Work required — Using only the entries below, output the lines starting at the one containing "Póster Rótulo de" and ending at the one containing "Turkey chick wings", exactly and inclusive of both, omitting the pictures.

Recorded data —
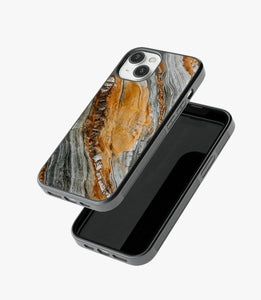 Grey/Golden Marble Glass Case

==

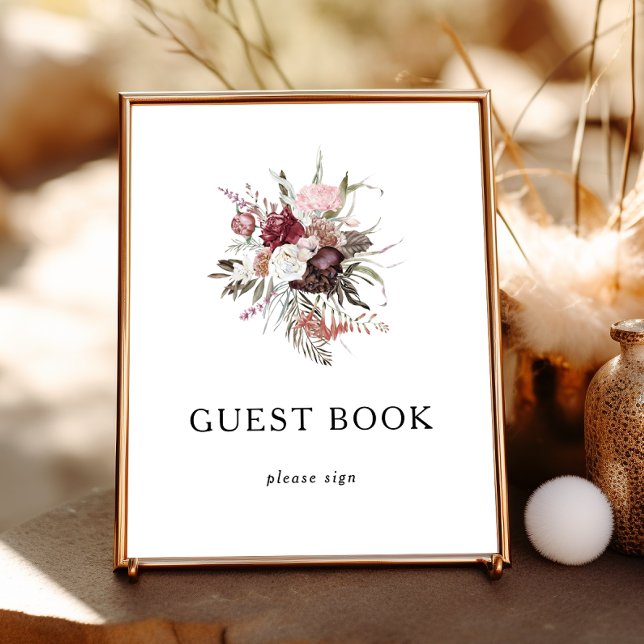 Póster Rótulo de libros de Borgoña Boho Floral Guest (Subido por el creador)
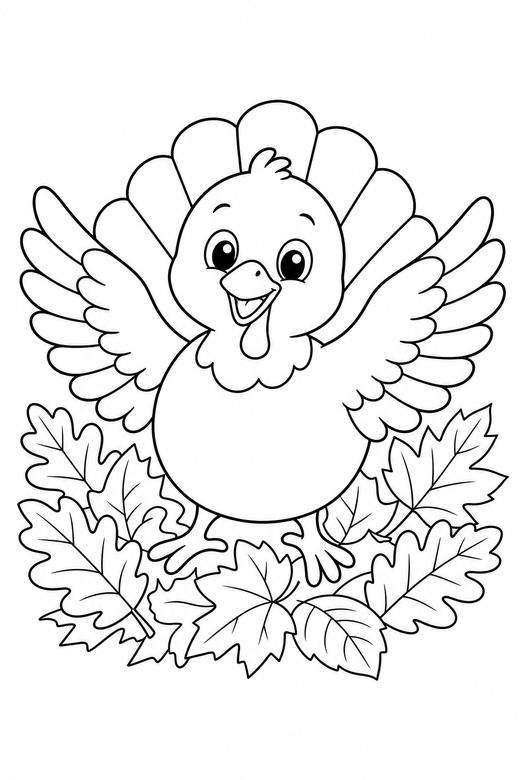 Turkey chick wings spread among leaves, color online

Answer for this exercise —
 Póster Rótulo de libros de Borgoña Boho Floral Guest (Subido por el creador)
 Turkey chick wings spread among leaves, color online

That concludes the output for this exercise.